The bullying, somewhat dense Pony always does exactly what his sainted mother tells him to do, even though he doesn’t fully believe that things are going to work out the way she thinks. Moore is kind of like a flesh-and-blood version of Gaston in Beauty And The Beast. He’d go on to appear in such films as The Day Of The Triffids and Son Of A Gunfighter before becoming a documentarian and social rights activist in the early 1970s.
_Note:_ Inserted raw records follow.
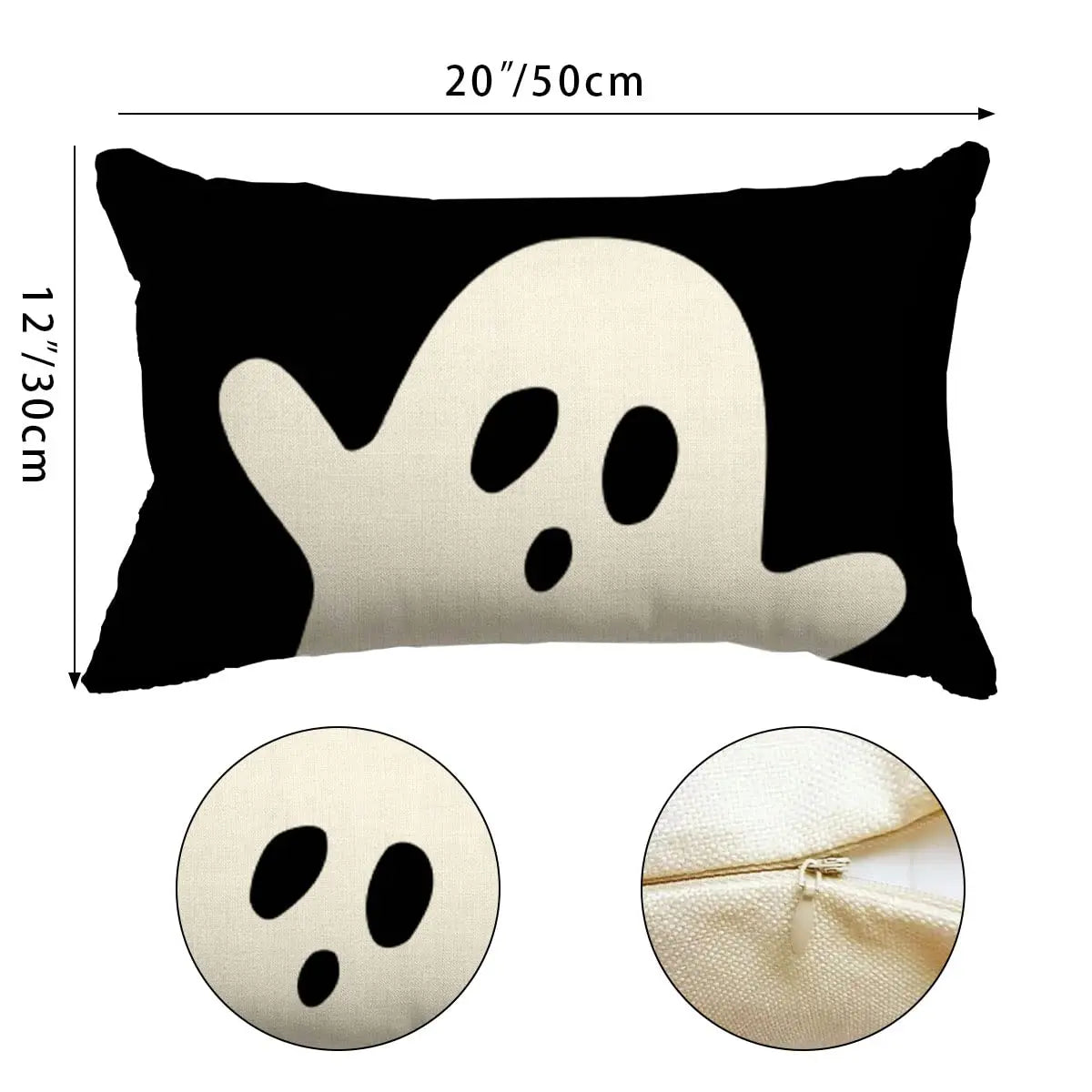 housses d'oreiller fantômes imprimées décoration halloween noires blanches adhésives maison hospitalières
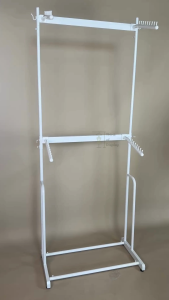 ราวแขวนเสื้อ ราวโชว์เสื้อ 2 แขน 2 ชั้น มีแขนเกี่ยวกับ 4 อัน ราคาถูกต้อง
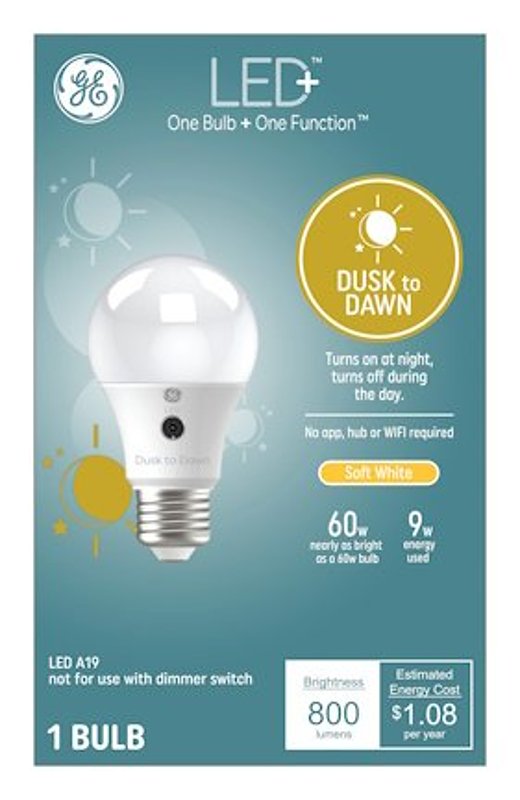 GE 93128970 Dusk-To-Dawn LED Bulb, A19 Lamp, 60 W Equivalent, E26/24 Medium Lamp Base, Non-Dimmable, Soft White Light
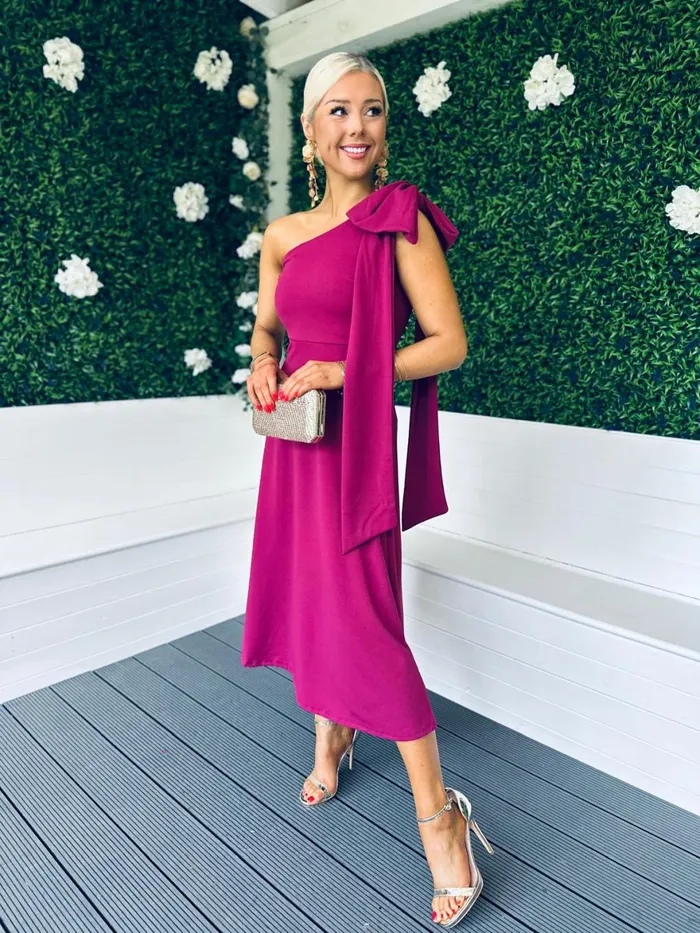 Women Maxi Canella Lane Chloe Bow Detail Occasion Dress Berry
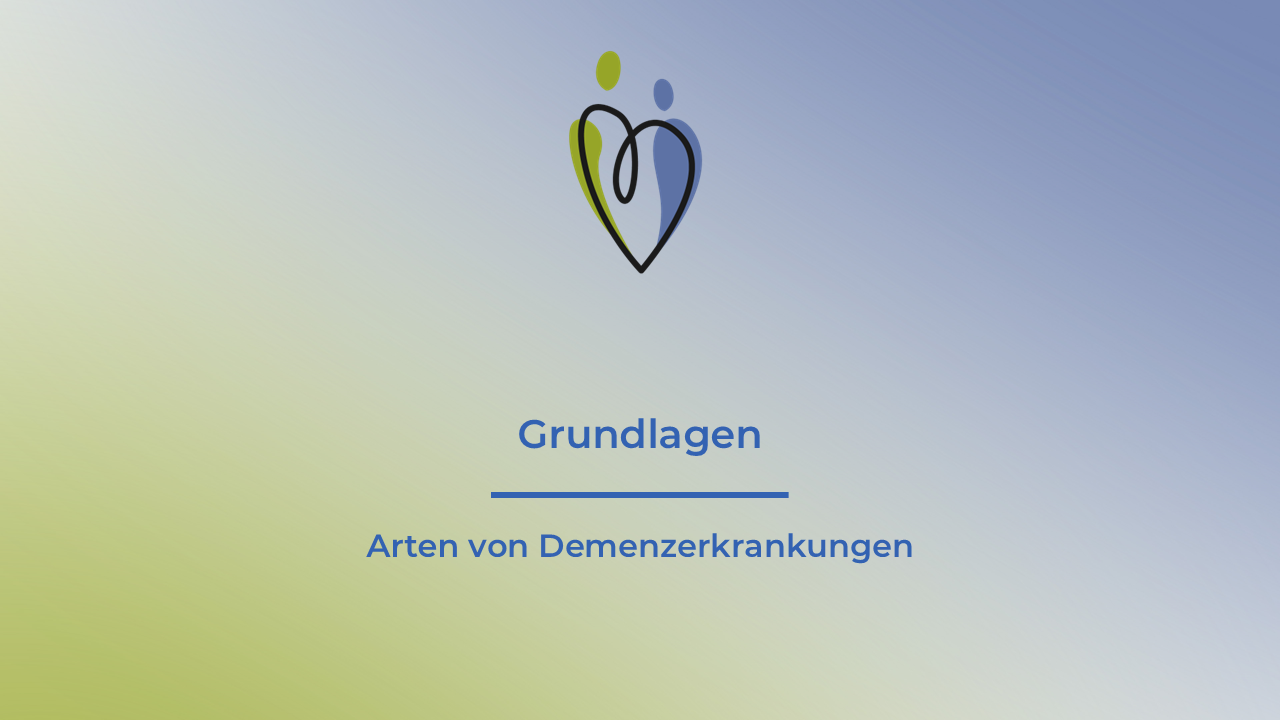 grünblauer Pflangl-Hintergrund mit Plangl-Logo und der Aufschrift: Grundlagen - Arten von Demenzerkrankungen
Darby O’Gill And The Little People did reasonably when it came out but it wasn’t a huge hit. Compared to the millions raked in by the low-budget The Shaggy Dog, the lavish Darby O’Gill was considered a disappointment. But in the years since, it has become something of a cult movie. Its ingenious special effects and the winning performances of Sharpe, O’Dea, Munro, Moore and the early star-making turn by the legendary Sean Connery have all kept it alive in the memories of its fans. It’s just a little bit darker and a little bit more grown-up than some of Disney’s other live-action productions but not so much that people don’t feel comfortable sharing it with their kids.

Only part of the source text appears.